<<<<
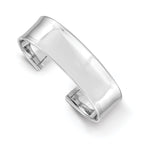 14K White Gold Polished Cuff Bangle Elegant Women's Bracelet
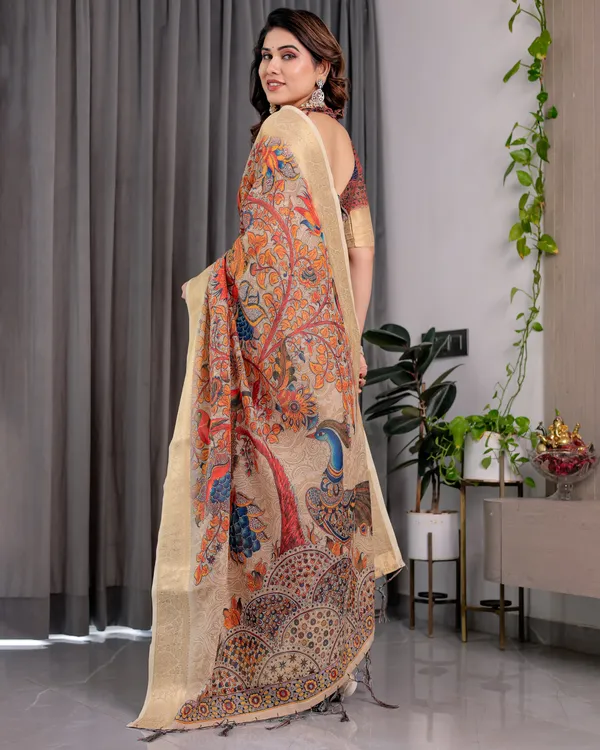 Beige_Printed_Saree_For_Women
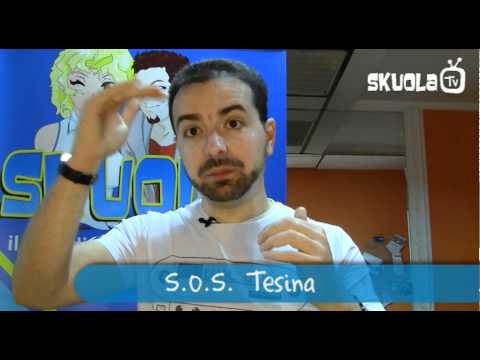 S.O.S. Tesina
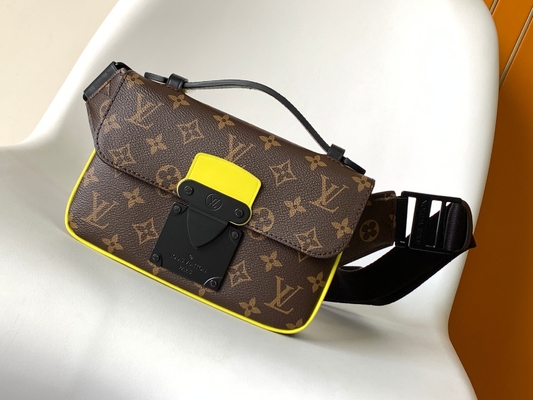 Charm S Lock Louis Vuitton Monogram Macassar Barrel กระเป๋า Messenger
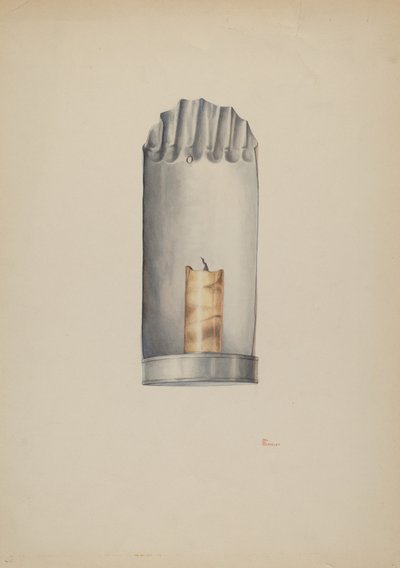 Lysholder, ca. 1940. av William Kieckhofel
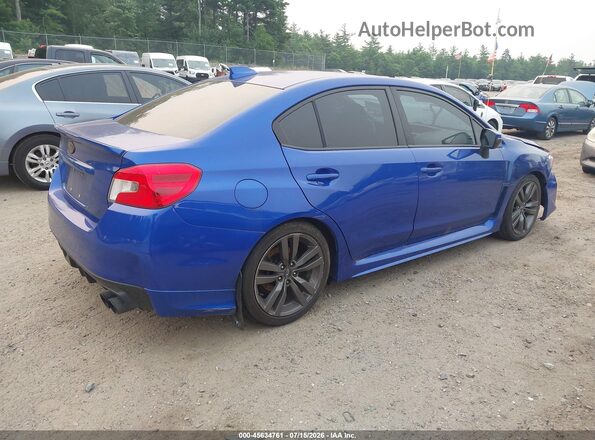 JF1VA1L63H9840800 2017 SUBARU WRX Синий Задняя правая четверть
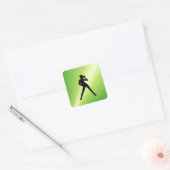 Sticker Carré Danse moderne vert (Enveloppe)
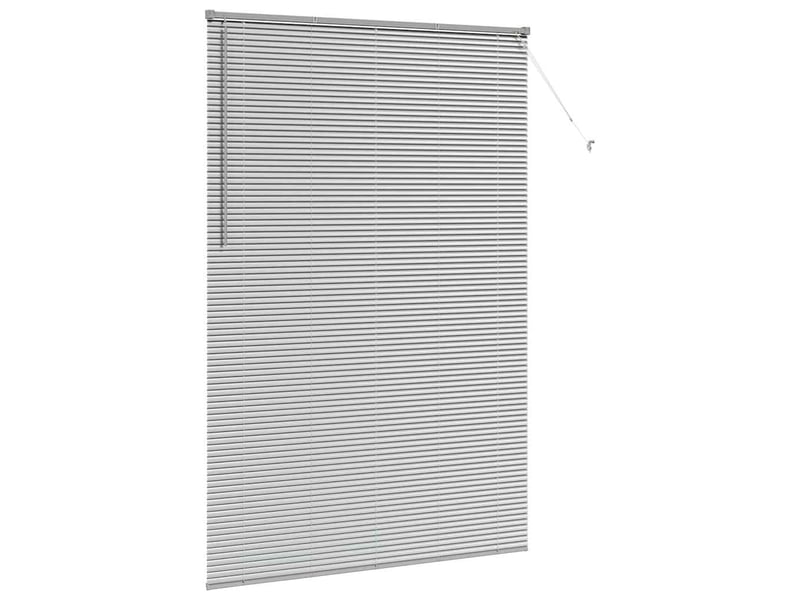 Store vénitien, store de fenêtre argenté 220 x 145 cm 25 mm aluminium cf47592 - Conforama E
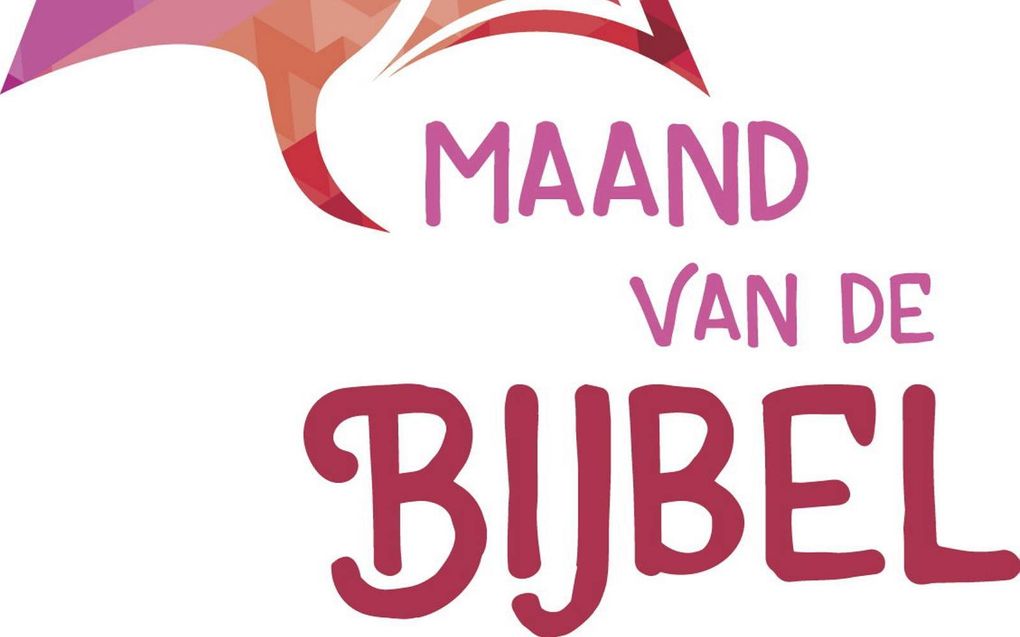 Het logo van de Maand van de Bijbel. beeld Royal Jongbloed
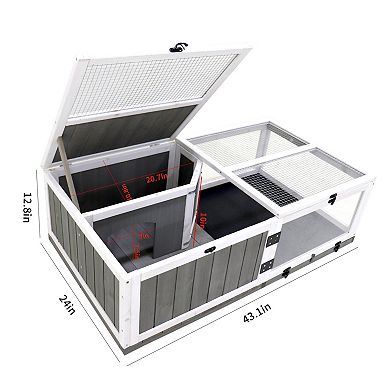 IFMALL Upgraded Waterproof Activity Habitat Cage with Rest Area and Play Space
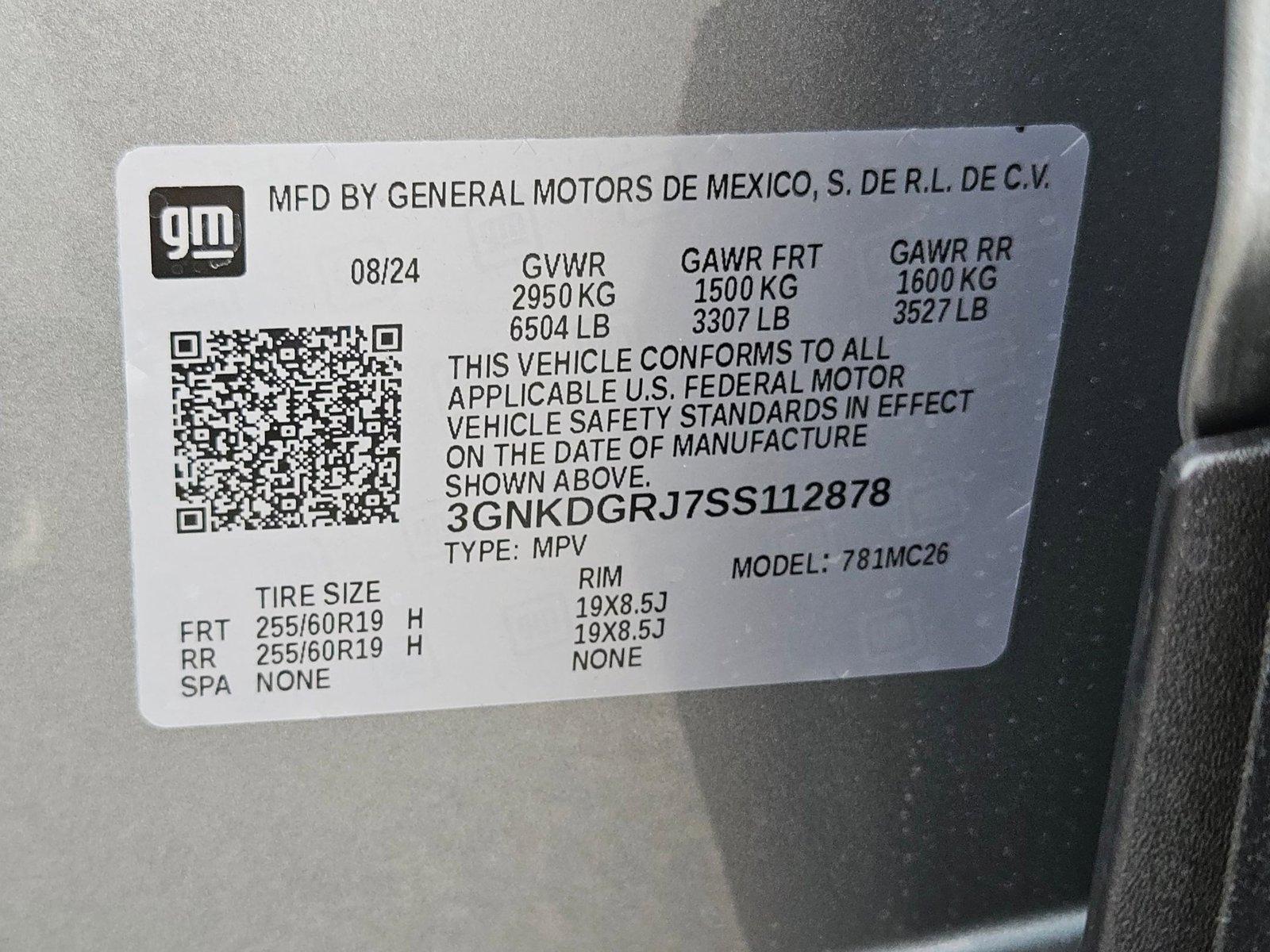 2025 Chevrolet Blazer EV Vehicle Photo in GILBERT, AZ 85297-0446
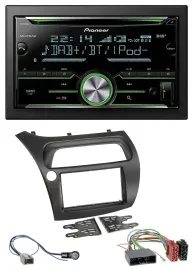 Автомагнитола для Honda Civic (2006–2012) Pioneer 2-DIN, Bluetooth, DAB, USB, CD, MP3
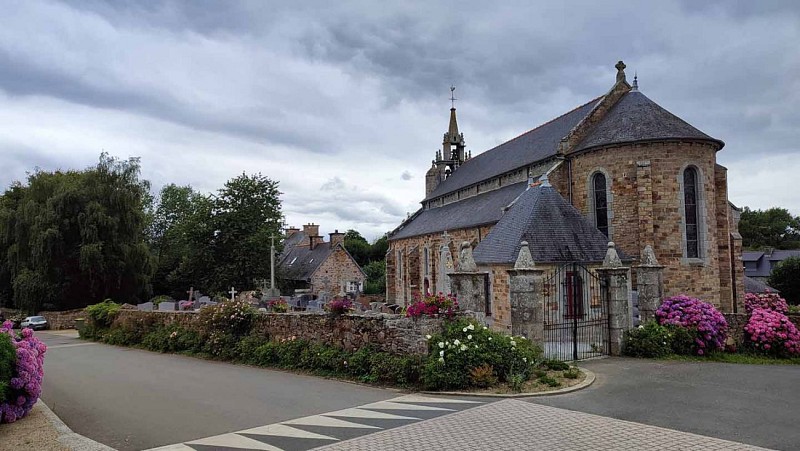 L'église vue arriére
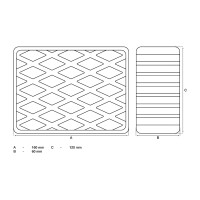 BGS 7038 Gummiauflage | für Hebebühnen | 160 x 120 x 60 mm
>>>>
Assigned task ▸ Nothing should appear in the answer except the lines from the one containing "Beige_Printed_Saree_For_Women" through the last line of the listing, given again exactly and with no pictures.

Solution to this task ▸
 Beige_Printed_Saree_For_Women
 S.O.S. Tesina
 Charm S Lock Louis Vuitton Monogram Macassar Barrel กระเป๋า Messenger
 Lysholder, ca. 1940. av William Kieckhofel
 JF1VA1L63H9840800 2017 SUBARU WRX Синий Задняя правая четверть
 Sticker Carré Danse moderne vert (Enveloppe)
 Store vénitien, store de fenêtre argenté 220 x 145 cm 25 mm aluminium cf47592 - Conforama E
 Het logo van de Maand van de Bijbel. beeld Royal Jongbloed
 IFMALL Upgraded Waterproof Activity Habitat Cage with Rest Area and Play Space
 2025 Chevrolet Blazer EV Vehicle Photo in GILBERT, AZ 85297-0446
 Автомагнитола для Honda Civic (2006–2012) Pioneer 2-DIN, Bluetooth, DAB, USB, CD, MP3
 L'église vue arriére
 BGS 7038 Gummiauflage | für Hebebühnen | 160 x 120 x 60 mm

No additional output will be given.